INFORMATION SHOWN START

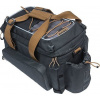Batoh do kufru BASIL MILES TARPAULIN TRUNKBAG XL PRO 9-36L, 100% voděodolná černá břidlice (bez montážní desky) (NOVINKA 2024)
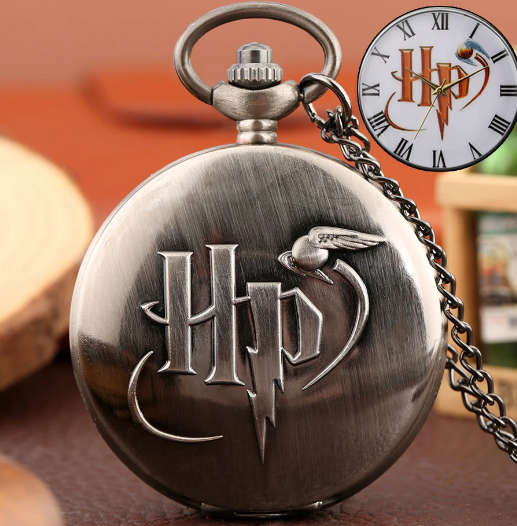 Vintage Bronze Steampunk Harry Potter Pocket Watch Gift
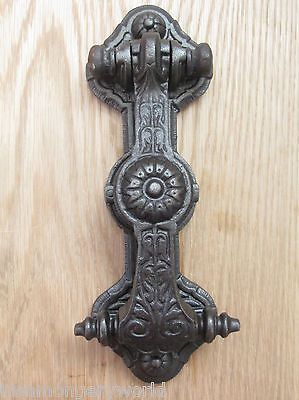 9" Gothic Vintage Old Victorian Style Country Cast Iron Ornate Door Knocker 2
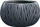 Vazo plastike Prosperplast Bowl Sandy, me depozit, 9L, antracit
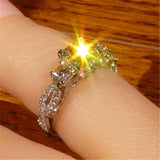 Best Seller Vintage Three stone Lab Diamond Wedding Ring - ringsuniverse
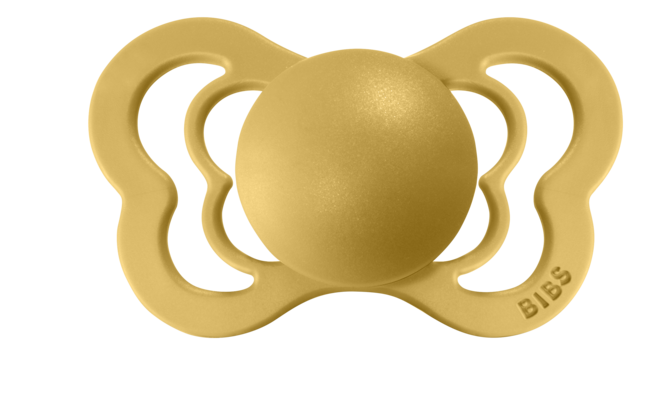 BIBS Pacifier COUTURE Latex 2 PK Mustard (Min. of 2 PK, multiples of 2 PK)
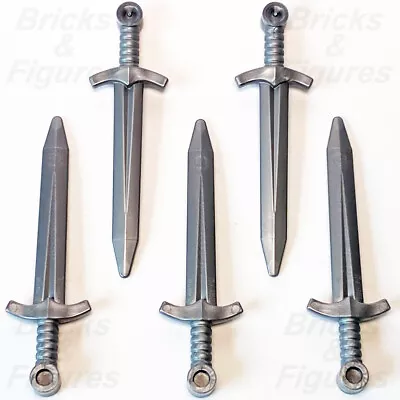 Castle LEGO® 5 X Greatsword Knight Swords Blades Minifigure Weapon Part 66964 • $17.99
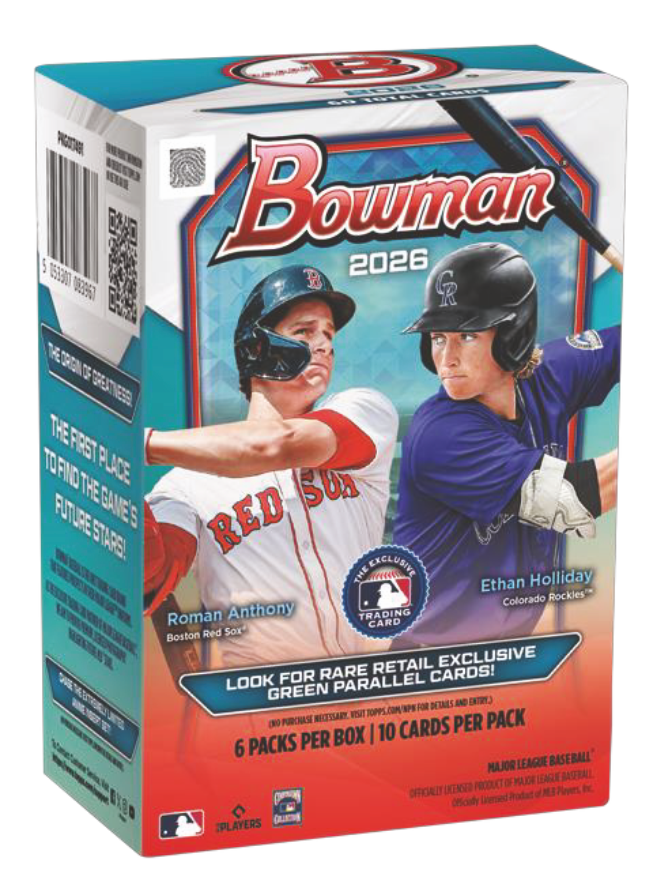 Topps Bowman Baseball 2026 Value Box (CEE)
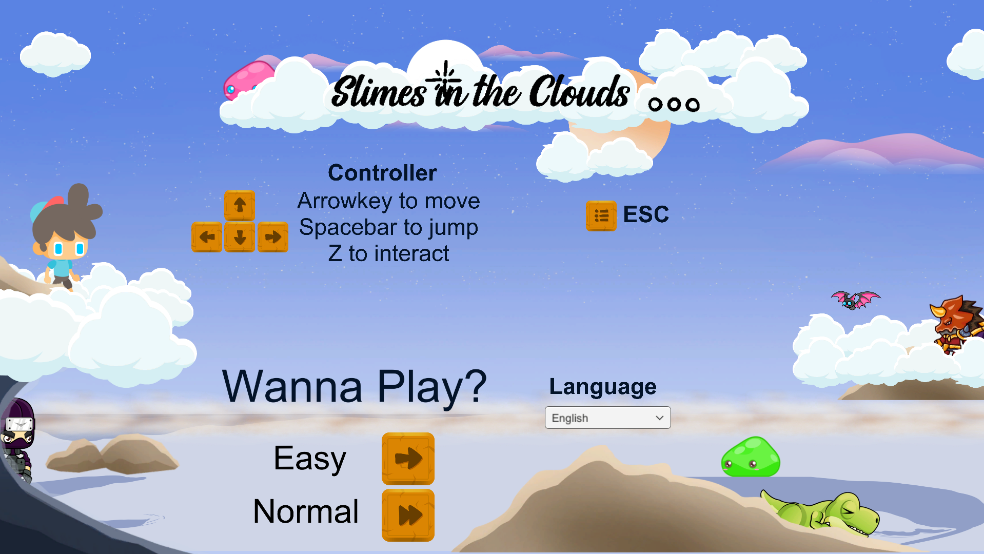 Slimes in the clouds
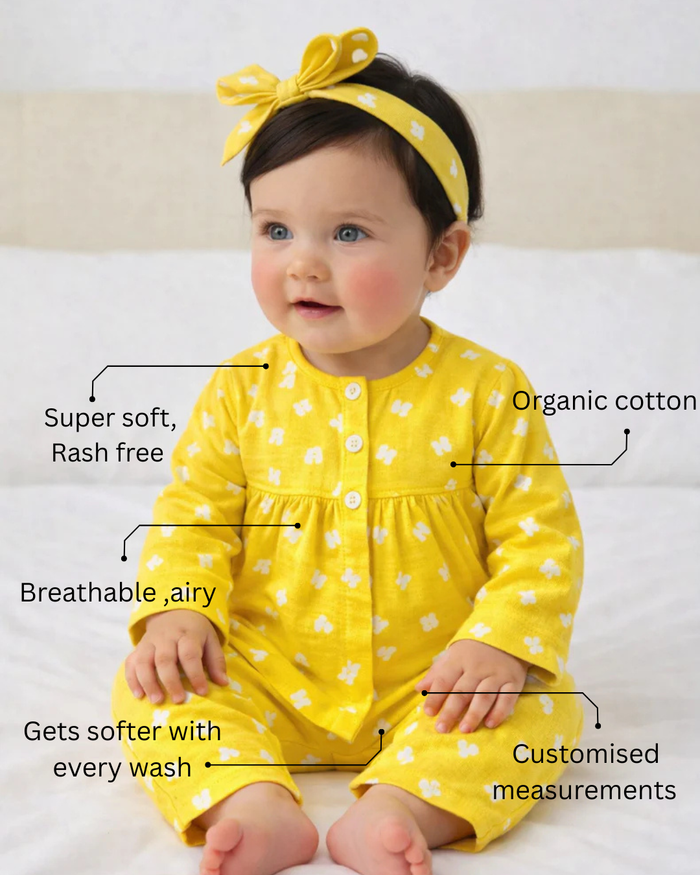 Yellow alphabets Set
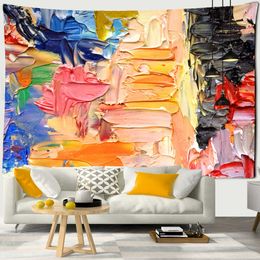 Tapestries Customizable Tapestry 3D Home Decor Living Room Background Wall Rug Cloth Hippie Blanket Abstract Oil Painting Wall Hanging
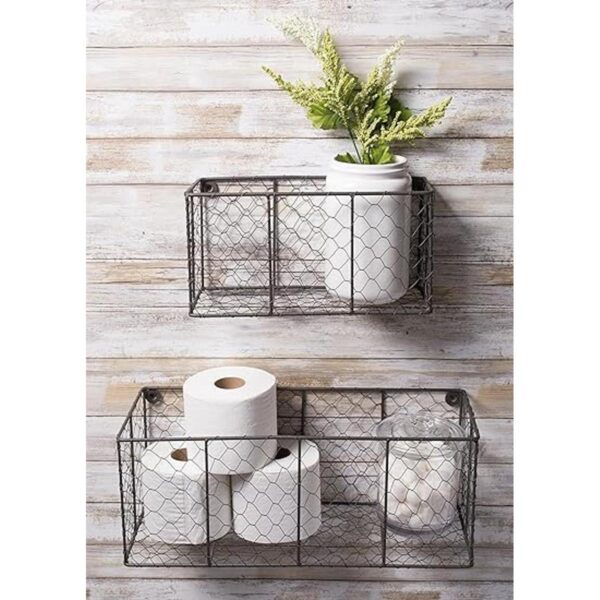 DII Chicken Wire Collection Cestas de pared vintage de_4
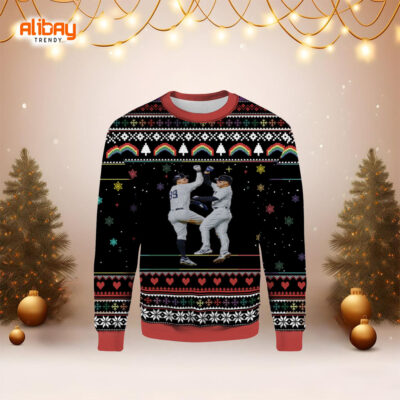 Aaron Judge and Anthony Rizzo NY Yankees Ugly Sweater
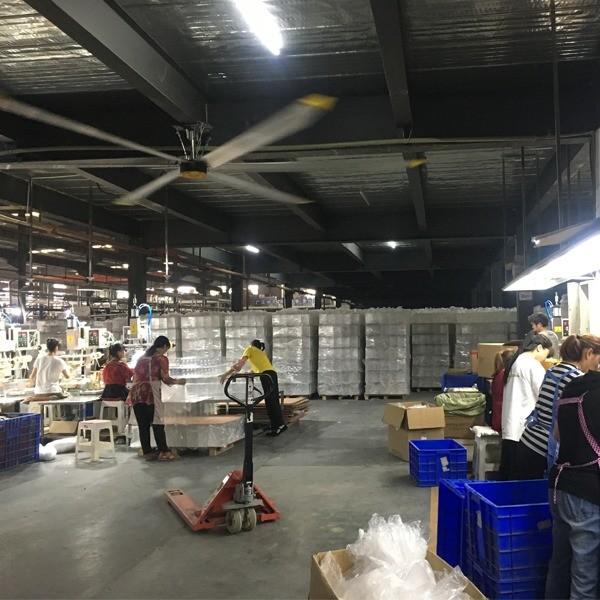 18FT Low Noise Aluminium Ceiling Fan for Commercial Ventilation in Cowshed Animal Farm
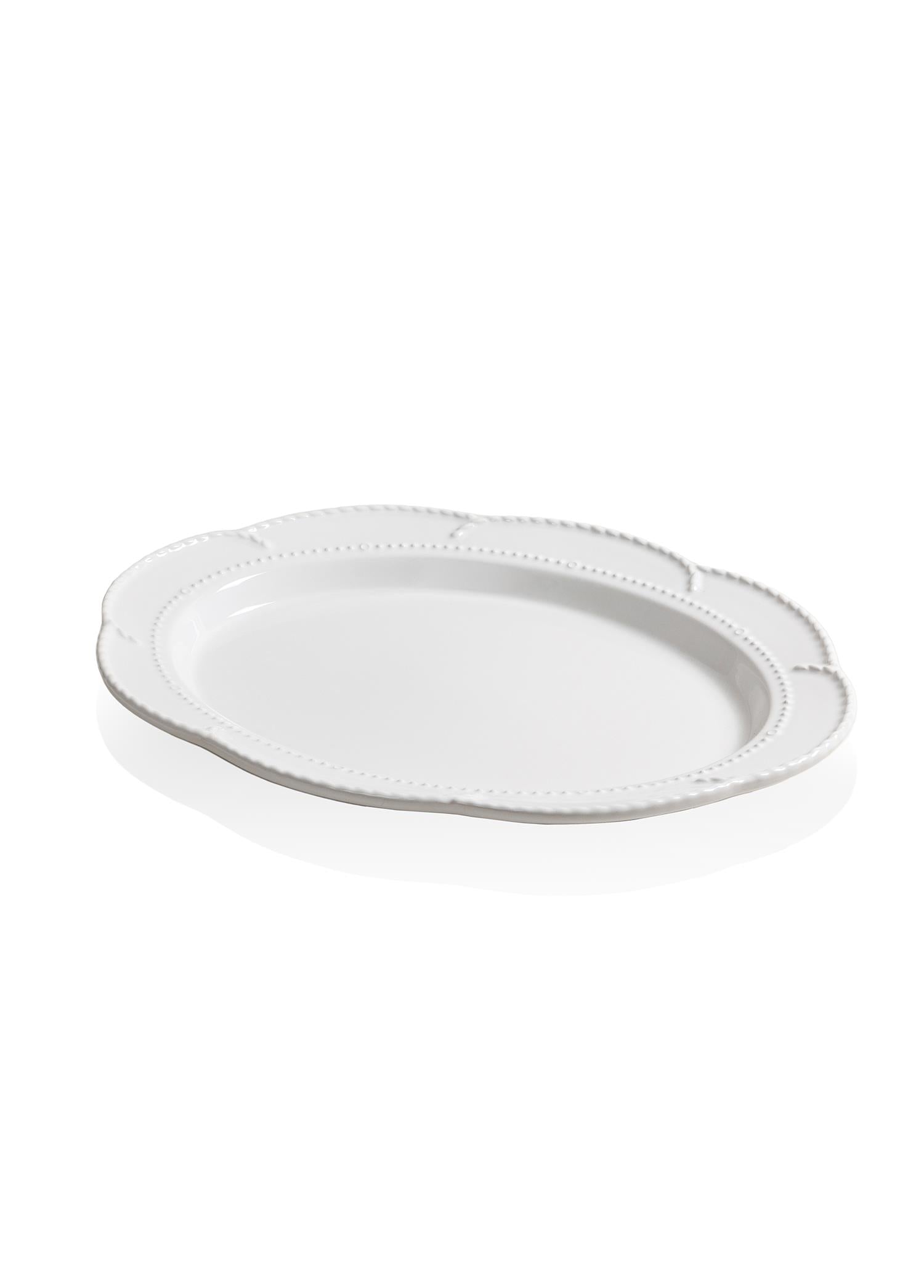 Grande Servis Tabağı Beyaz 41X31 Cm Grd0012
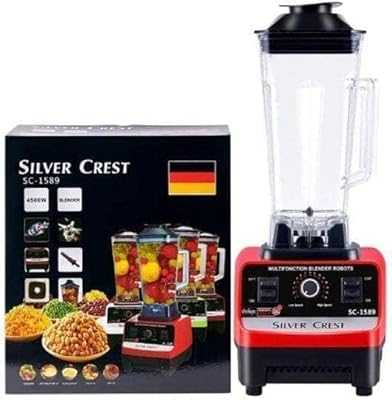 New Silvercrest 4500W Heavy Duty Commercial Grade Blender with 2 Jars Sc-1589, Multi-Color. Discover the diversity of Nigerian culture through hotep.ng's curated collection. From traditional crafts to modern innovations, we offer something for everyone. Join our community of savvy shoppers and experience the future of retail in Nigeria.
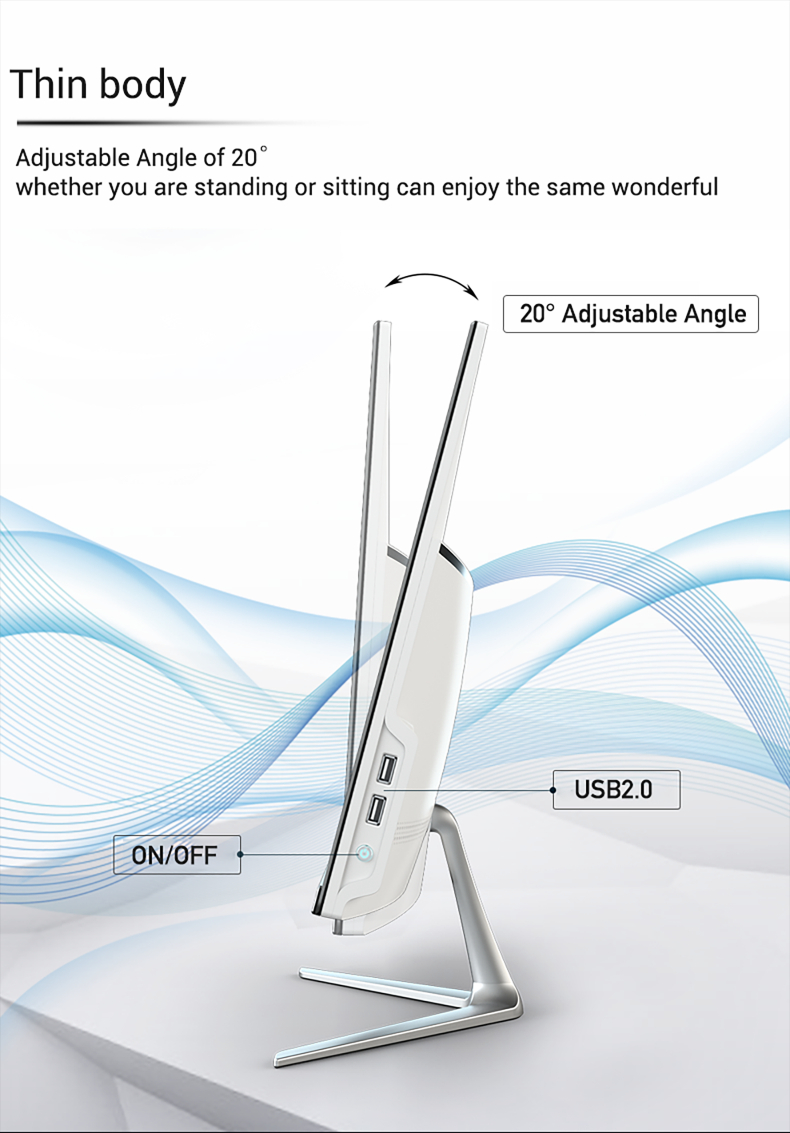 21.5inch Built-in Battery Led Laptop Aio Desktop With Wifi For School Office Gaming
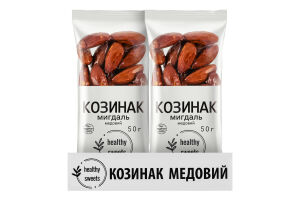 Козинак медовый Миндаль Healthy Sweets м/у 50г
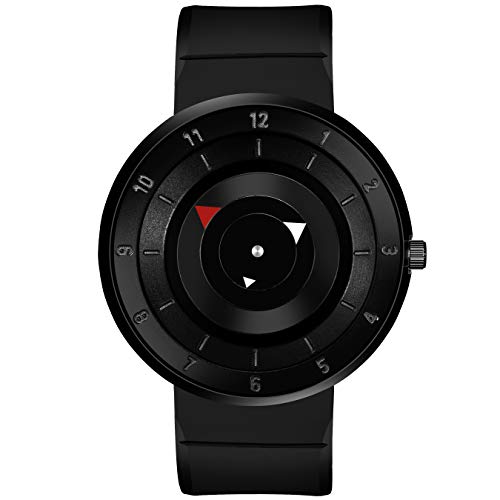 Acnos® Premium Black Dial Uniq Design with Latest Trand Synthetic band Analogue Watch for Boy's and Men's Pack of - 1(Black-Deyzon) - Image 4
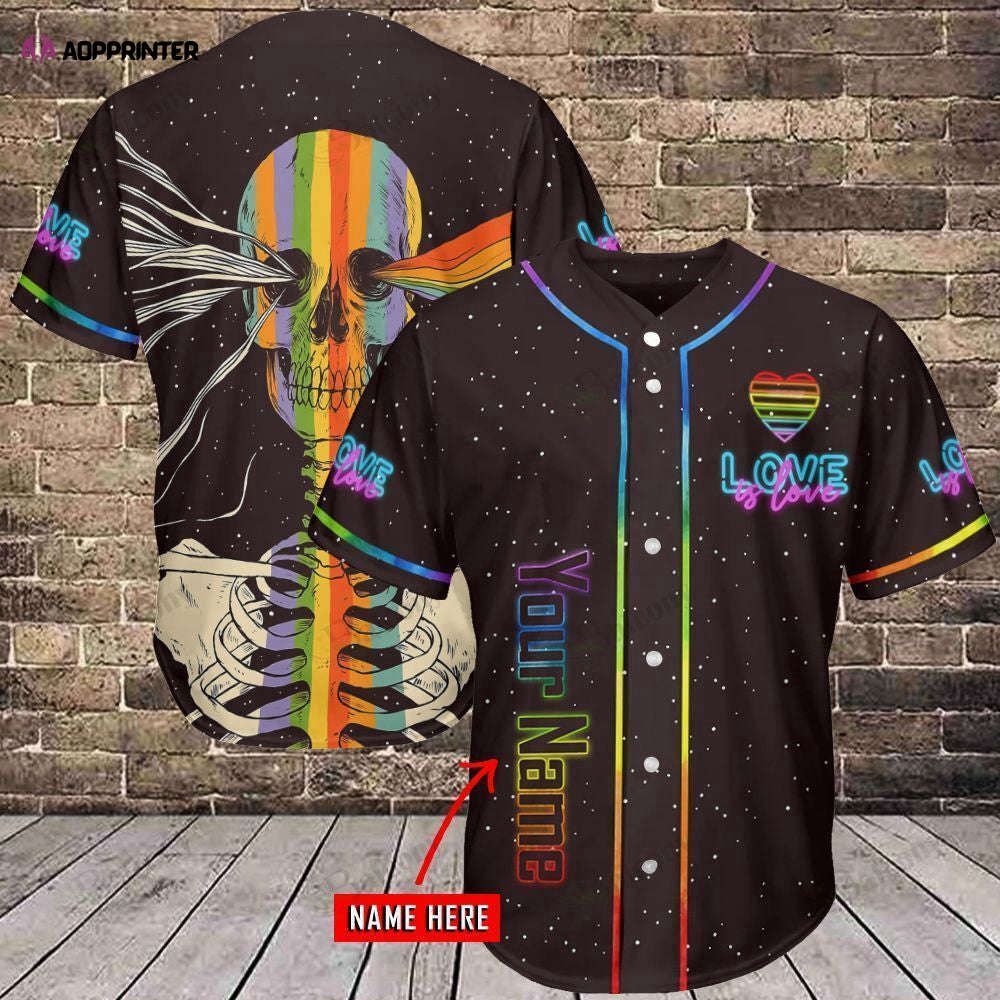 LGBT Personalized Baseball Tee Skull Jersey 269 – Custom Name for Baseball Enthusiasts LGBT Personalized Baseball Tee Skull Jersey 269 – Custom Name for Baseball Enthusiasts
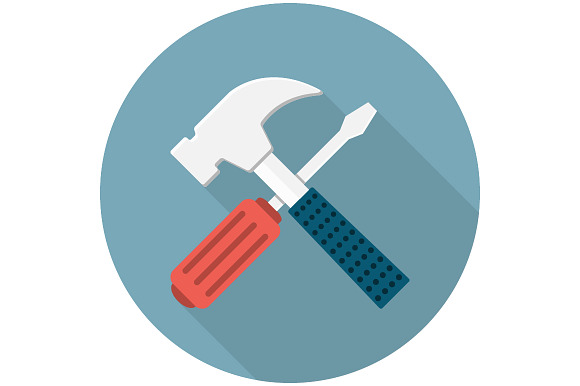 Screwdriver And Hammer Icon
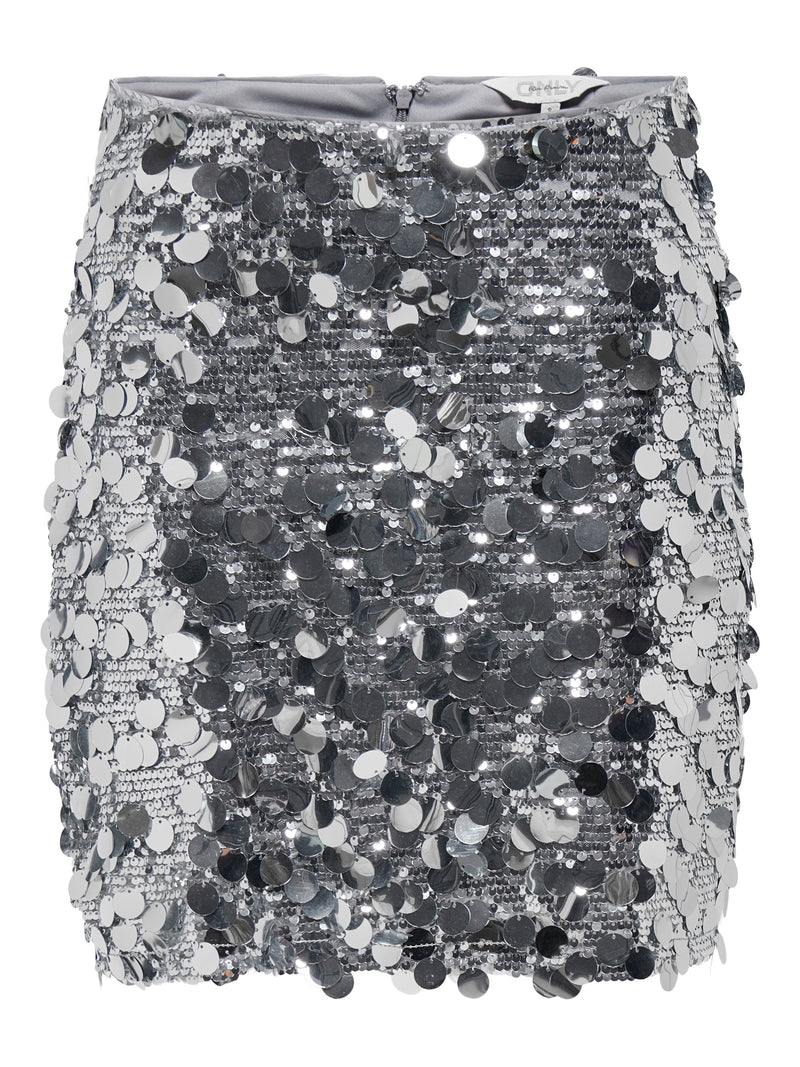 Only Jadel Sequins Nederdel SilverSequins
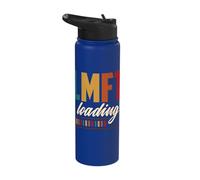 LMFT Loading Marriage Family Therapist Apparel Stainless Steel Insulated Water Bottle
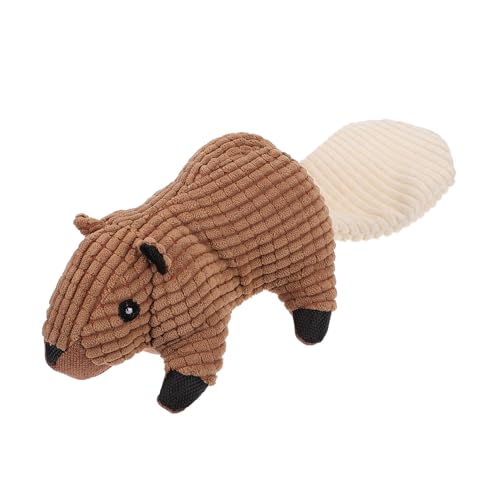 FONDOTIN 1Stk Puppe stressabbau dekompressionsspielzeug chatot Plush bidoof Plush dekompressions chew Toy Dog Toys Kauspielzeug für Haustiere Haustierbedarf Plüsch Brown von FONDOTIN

INFORMATION SHOWN END

What must be output is the exact run of lines from the one holding "Baseball Enthusiasts LGBT" through the end of the entries above, both ends included, minus the pictures.

**SOLUTION BELOW:**
 LGBT Personalized Baseball Tee Skull Jersey 269 – Custom Name for Baseball Enthusiasts LGBT Personalized Baseball Tee Skull Jersey 269 – Custom Name for Baseball Enthusiasts
 Screwdriver And Hammer Icon
 Only Jadel Sequins Nederdel SilverSequins
 LMFT Loading Marriage Family Therapist Apparel Stainless Steel Insulated Water Bottle
 FONDOTIN 1Stk Puppe stressabbau dekompressionsspielzeug chatot Plush bidoof Plush dekompressions chew Toy Dog Toys Kauspielzeug für Haustiere Haustierbedarf Plüsch Brown von FONDOTIN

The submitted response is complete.